The Third Third

What REALLY Upsets Me About the Trump Administration?

What upsets me most about this era dominated by the Trump Administration?

I’m trying to prioritize my angst and outrage to stave off the hopelessness and despair that have settled in. To use an unfortunate phrase that Trump successfully weaponized  in 2016 (despite saying so many, many worse things),  I’m thinking I need to examine the whole basket of deplorables as discrete issues, to consider each separate element of what I now experience as a crisis and to think about what I can or can’t, might or might not, do about it.  As it happens, just when I sit down to sort this out, there’s another development in what I see as the dismantling of the democracy — this week the Attorney General’s interference in the Roger Stone trial.  Is this just another distraction, or a core concern?  It feels pretty awful.   Read on.

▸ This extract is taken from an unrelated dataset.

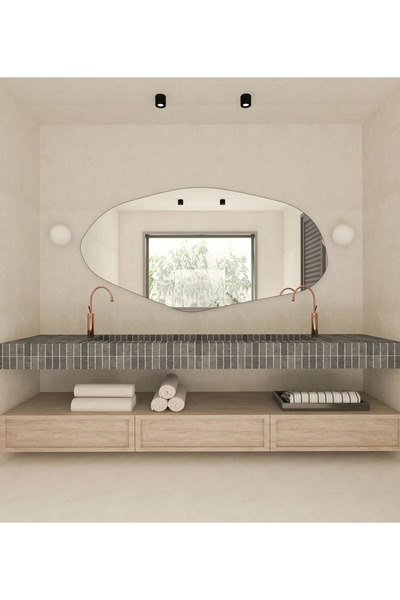 FNC CONCEPT Duvar Aynası Dekoratif Asimetrik Banyo Konsol Aynası 140x70cm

First, the basics:  I am a registered voter and I vote in every election.  I make financial contributions to specific candidates and to nonprofit groups advocating for women’s rights, civil rights, voting rights, and economic justice.  I try to stay informed, subscribing to three daily newspapers including the New York Times and the Wall Street Journal, an assortment of newsfeeds and The Atlantic, the New Yorker, and The Economist.   I watch hours of network, cable and other political news shows, and follow, occasionally,  a couple of podcasts, e.g., On the Media, Can he do that?, The Daily, and the New Yorker’s Politics and more.  For respite, I read advice columns — Dear Prudence, Dear Abby, Carolyn Hax —and obituaries, saying to myself as I do, “And you think you’ve got problems?”  Perspective, perspective.

But these days, this feels like such an exercise in futility, as if I am merely a good little girl doing all my homework while the teacher pays more attention to the rowdy boys.  As a result, I have a short fuse and an increasingly bad attitude, directed particularly harshly toward those who don’t play by the rules — even on the road and/or in the grocery store aisles.  This is the very definition of impotence: while Rome burns, I’m seething “Excuse me” to someone whose grocery cart is thoughtlessly parked in the way of the cherry-tomatoes-on-the-vine that I want.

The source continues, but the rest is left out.